| The problem |
Output all the data below verbatim.

━━ Task material ━━

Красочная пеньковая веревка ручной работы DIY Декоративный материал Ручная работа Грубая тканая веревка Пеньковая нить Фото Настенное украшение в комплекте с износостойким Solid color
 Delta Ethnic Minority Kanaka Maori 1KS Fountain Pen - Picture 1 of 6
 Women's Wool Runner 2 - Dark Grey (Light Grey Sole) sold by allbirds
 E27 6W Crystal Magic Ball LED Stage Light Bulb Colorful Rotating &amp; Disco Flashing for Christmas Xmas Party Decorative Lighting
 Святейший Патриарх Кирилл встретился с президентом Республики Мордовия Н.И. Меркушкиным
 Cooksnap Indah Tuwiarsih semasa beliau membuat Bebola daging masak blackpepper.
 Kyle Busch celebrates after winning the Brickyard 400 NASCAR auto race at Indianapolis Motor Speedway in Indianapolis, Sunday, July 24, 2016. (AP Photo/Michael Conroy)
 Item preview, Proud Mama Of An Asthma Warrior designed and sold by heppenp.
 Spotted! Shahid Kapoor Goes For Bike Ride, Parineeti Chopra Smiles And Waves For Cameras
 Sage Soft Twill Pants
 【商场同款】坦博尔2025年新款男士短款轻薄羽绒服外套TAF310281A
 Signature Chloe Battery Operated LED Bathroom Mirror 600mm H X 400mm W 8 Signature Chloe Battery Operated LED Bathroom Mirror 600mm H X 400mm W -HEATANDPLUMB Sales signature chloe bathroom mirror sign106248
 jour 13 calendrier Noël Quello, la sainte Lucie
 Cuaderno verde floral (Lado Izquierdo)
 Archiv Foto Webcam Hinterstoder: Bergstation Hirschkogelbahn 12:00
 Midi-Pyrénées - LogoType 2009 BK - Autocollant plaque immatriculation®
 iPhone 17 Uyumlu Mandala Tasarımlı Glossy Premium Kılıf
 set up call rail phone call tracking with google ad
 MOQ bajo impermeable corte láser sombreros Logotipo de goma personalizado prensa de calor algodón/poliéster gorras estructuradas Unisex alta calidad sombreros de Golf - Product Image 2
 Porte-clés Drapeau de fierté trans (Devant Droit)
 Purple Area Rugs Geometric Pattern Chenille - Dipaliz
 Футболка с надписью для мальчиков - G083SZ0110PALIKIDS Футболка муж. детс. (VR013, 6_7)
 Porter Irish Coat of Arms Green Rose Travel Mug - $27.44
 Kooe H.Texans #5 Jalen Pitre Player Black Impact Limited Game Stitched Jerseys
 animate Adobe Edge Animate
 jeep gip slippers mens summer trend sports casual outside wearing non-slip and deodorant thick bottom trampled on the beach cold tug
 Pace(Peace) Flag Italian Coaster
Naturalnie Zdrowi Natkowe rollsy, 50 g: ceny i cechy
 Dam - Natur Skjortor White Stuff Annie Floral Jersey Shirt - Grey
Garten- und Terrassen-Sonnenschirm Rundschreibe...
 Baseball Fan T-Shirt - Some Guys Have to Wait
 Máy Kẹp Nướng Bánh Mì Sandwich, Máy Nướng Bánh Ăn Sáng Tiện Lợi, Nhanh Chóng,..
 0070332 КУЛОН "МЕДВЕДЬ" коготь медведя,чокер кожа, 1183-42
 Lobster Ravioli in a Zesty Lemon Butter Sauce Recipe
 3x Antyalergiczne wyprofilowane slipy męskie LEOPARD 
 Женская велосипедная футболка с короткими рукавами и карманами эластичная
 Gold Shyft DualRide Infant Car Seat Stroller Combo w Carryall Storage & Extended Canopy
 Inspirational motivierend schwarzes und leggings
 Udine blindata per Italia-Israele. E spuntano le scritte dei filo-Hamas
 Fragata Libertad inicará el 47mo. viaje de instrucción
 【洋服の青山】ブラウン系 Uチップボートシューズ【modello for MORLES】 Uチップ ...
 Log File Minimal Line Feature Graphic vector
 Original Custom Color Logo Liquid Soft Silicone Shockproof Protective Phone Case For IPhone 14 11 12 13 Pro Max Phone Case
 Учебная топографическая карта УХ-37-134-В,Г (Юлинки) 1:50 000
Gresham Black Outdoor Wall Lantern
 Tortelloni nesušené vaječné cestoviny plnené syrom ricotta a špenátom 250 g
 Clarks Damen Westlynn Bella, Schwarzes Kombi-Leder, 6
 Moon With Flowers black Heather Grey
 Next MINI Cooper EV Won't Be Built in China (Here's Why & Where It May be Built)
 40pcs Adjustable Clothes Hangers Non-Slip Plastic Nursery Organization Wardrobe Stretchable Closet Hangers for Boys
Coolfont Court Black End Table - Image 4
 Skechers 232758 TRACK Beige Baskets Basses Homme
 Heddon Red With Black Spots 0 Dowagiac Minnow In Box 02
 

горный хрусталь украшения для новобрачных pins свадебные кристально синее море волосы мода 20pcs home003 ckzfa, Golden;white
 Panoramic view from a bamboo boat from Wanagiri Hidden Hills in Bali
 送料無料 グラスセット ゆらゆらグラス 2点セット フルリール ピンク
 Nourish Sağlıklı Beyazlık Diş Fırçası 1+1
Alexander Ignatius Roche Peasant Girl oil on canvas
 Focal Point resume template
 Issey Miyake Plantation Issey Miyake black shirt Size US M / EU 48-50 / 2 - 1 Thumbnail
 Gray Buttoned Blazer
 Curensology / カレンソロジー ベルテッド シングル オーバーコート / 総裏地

━━━

| Response to the task |
Красочная пеньковая веревка ручной работы DIY Декоративный материал Ручная работа Грубая тканая веревка Пеньковая нить Фото Настенное украшение в комплекте с износостойким Solid color
 Delta Ethnic Minority Kanaka Maori 1KS Fountain Pen - Picture 1 of 6
 Women's Wool Runner 2 - Dark Grey (Light Grey Sole) sold by allbirds
 E27 6W Crystal Magic Ball LED Stage Light Bulb Colorful Rotating &amp; Disco Flashing for Christmas Xmas Party Decorative Lighting
 Святейший Патриарх Кирилл встретился с президентом Республики Мордовия Н.И. Меркушкиным
 Cooksnap Indah Tuwiarsih semasa beliau membuat Bebola daging masak blackpepper.
 Kyle Busch celebrates after winning the Brickyard 400 NASCAR auto race at Indianapolis Motor Speedway in Indianapolis, Sunday, July 24, 2016. (AP Photo/Michael Conroy)
 Item preview, Proud Mama Of An Asthma Warrior designed and sold by heppenp.
 Spotted! Shahid Kapoor Goes For Bike Ride, Parineeti Chopra Smiles And Waves For Cameras
 Sage Soft Twill Pants
 【商场同款】坦博尔2025年新款男士短款轻薄羽绒服外套TAF310281A
 Signature Chloe Battery Operated LED Bathroom Mirror 600mm H X 400mm W 8 Signature Chloe Battery Operated LED Bathroom Mirror 600mm H X 400mm W -HEATANDPLUMB Sales signature chloe bathroom mirror sign106248
 jour 13 calendrier Noël Quello, la sainte Lucie
 Cuaderno verde floral (Lado Izquierdo)
 Archiv Foto Webcam Hinterstoder: Bergstation Hirschkogelbahn 12:00
 Midi-Pyrénées - LogoType 2009 BK - Autocollant plaque immatriculation®
 iPhone 17 Uyumlu Mandala Tasarımlı Glossy Premium Kılıf
 set up call rail phone call tracking with google ad
 MOQ bajo impermeable corte láser sombreros Logotipo de goma personalizado prensa de calor algodón/poliéster gorras estructuradas Unisex alta calidad sombreros de Golf - Product Image 2
 Porte-clés Drapeau de fierté trans (Devant Droit)
 Purple Area Rugs Geometric Pattern Chenille - Dipaliz
 Футболка с надписью для мальчиков - G083SZ0110PALIKIDS Футболка муж. детс. (VR013, 6_7)
 Porter Irish Coat of Arms Green Rose Travel Mug - $27.44
 Kooe H.Texans #5 Jalen Pitre Player Black Impact Limited Game Stitched Jerseys
 animate Adobe Edge Animate
 jeep gip slippers mens summer trend sports casual outside wearing non-slip and deodorant thick bottom trampled on the beach cold tug
 Pace(Peace) Flag Italian Coaster
Naturalnie Zdrowi Natkowe rollsy, 50 g: ceny i cechy
 Dam - Natur Skjortor White Stuff Annie Floral Jersey Shirt - Grey
Garten- und Terrassen-Sonnenschirm Rundschreibe...
 Baseball Fan T-Shirt - Some Guys Have to Wait
 Máy Kẹp Nướng Bánh Mì Sandwich, Máy Nướng Bánh Ăn Sáng Tiện Lợi, Nhanh Chóng,..
 0070332 КУЛОН "МЕДВЕДЬ" коготь медведя,чокер кожа, 1183-42
 Lobster Ravioli in a Zesty Lemon Butter Sauce Recipe
 3x Antyalergiczne wyprofilowane slipy męskie LEOPARD 
 Женская велосипедная футболка с короткими рукавами и карманами эластичная
 Gold Shyft DualRide Infant Car Seat Stroller Combo w Carryall Storage & Extended Canopy
 Inspirational motivierend schwarzes und leggings
 Udine blindata per Italia-Israele. E spuntano le scritte dei filo-Hamas
 Fragata Libertad inicará el 47mo. viaje de instrucción
 【洋服の青山】ブラウン系 Uチップボートシューズ【modello for MORLES】 Uチップ ...
 Log File Minimal Line Feature Graphic vector
 Original Custom Color Logo Liquid Soft Silicone Shockproof Protective Phone Case For IPhone 14 11 12 13 Pro Max Phone Case
 Учебная топографическая карта УХ-37-134-В,Г (Юлинки) 1:50 000
Gresham Black Outdoor Wall Lantern
 Tortelloni nesušené vaječné cestoviny plnené syrom ricotta a špenátom 250 g
 Clarks Damen Westlynn Bella, Schwarzes Kombi-Leder, 6
 Moon With Flowers black Heather Grey
 Next MINI Cooper EV Won't Be Built in China (Here's Why & Where It May be Built)
 40pcs Adjustable Clothes Hangers Non-Slip Plastic Nursery Organization Wardrobe Stretchable Closet Hangers for Boys
Coolfont Court Black End Table - Image 4
 Skechers 232758 TRACK Beige Baskets Basses Homme
 Heddon Red With Black Spots 0 Dowagiac Minnow In Box 02
 

горный хрусталь украшения для новобрачных pins свадебные кристально синее море волосы мода 20pcs home003 ckzfa, Golden;white
 Panoramic view from a bamboo boat from Wanagiri Hidden Hills in Bali
 送料無料 グラスセット ゆらゆらグラス 2点セット フルリール ピンク
 Nourish Sağlıklı Beyazlık Diş Fırçası 1+1
Alexander Ignatius Roche Peasant Girl oil on canvas
 Focal Point resume template
 Issey Miyake Plantation Issey Miyake black shirt Size US M / EU 48-50 / 2 - 1 Thumbnail
 Gray Buttoned Blazer
 Curensology / カレンソロジー ベルテッド シングル オーバーコート / 総裏地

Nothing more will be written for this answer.